Stored entries
· · ·

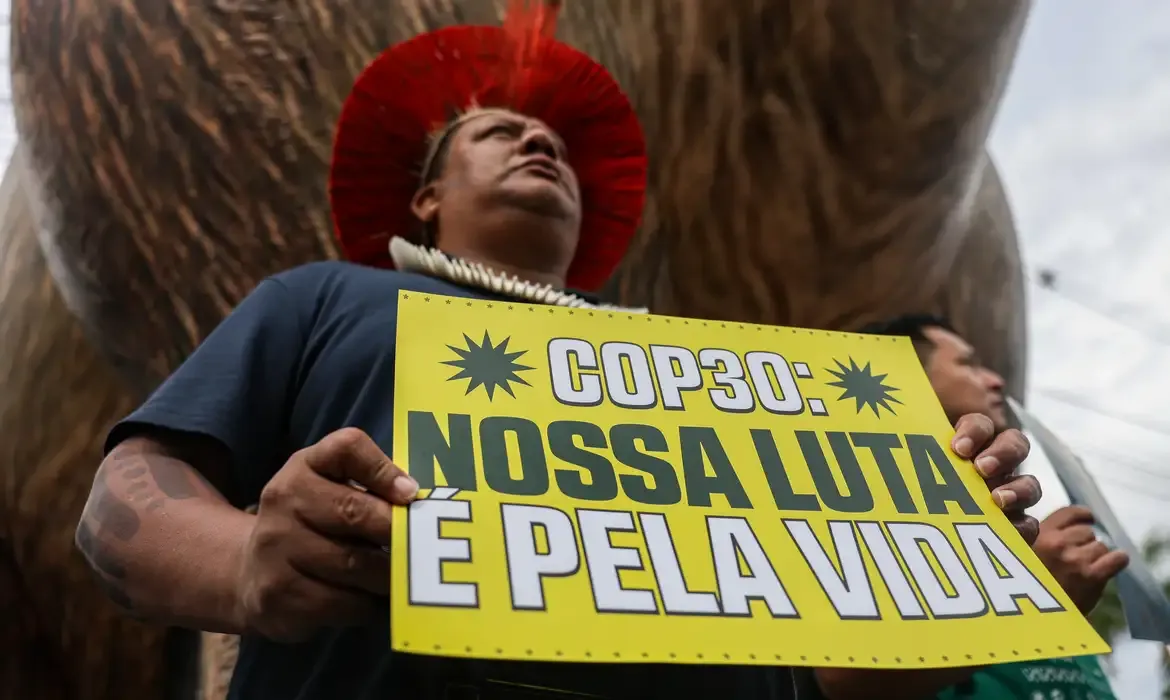 Clima: da Eco92 à COP30 a trajetória global de enfrentamento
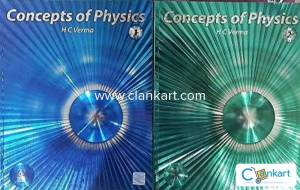 Concept of physics hc verma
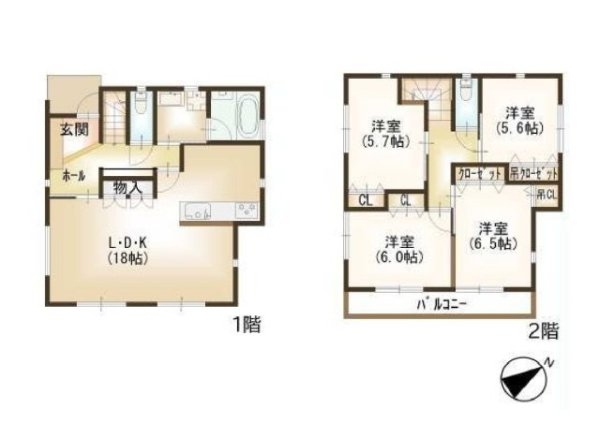 ＪＲ京浜東北線「鶴見」新築戸建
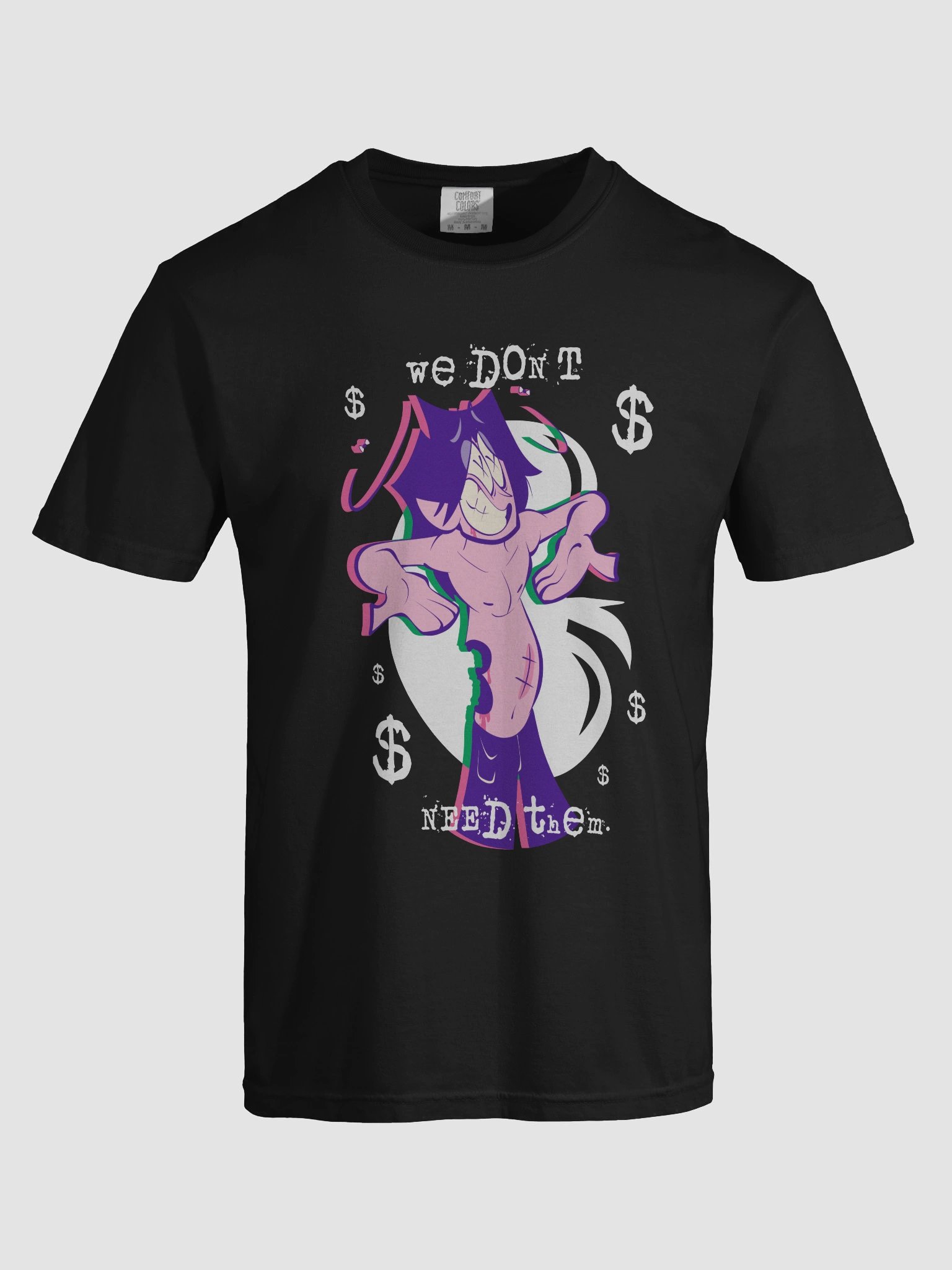 Organ Donor Shirt product image (7)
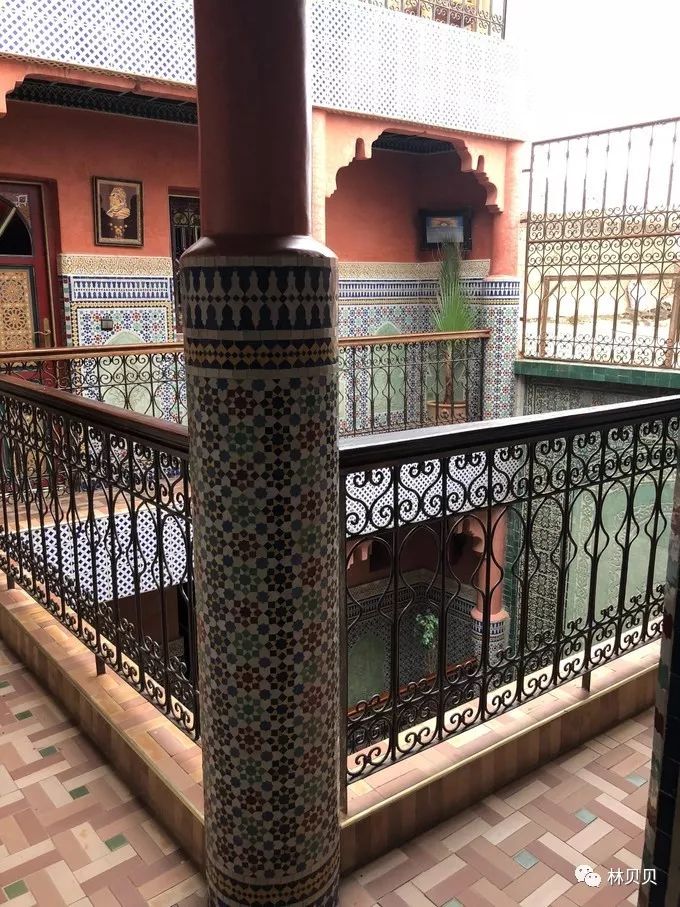 摩洛哥简单攻略,摩洛哥150天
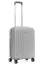 Чемодан Roncato 5464 Uno ZSL Premium 2.0 Cabin Trolley 55 см 5464-0225 0225 Grey/Silver - фото №3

· · ·

EXERCISE BRIEF: Nothing but the lines from the one holding "Concept of physics hc verma" through the final line of the records above belongs in the answer, each retyped exactly; omit the pictures.

ANSWER FOR THE TASK:
 Concept of physics hc verma
 ＪＲ京浜東北線「鶴見」新築戸建
 Organ Donor Shirt product image (7)
 摩洛哥简单攻略,摩洛哥150天
 Чемодан Roncato 5464 Uno ZSL Premium 2.0 Cabin Trolley 55 см 5464-0225 0225 Grey/Silver - фото №3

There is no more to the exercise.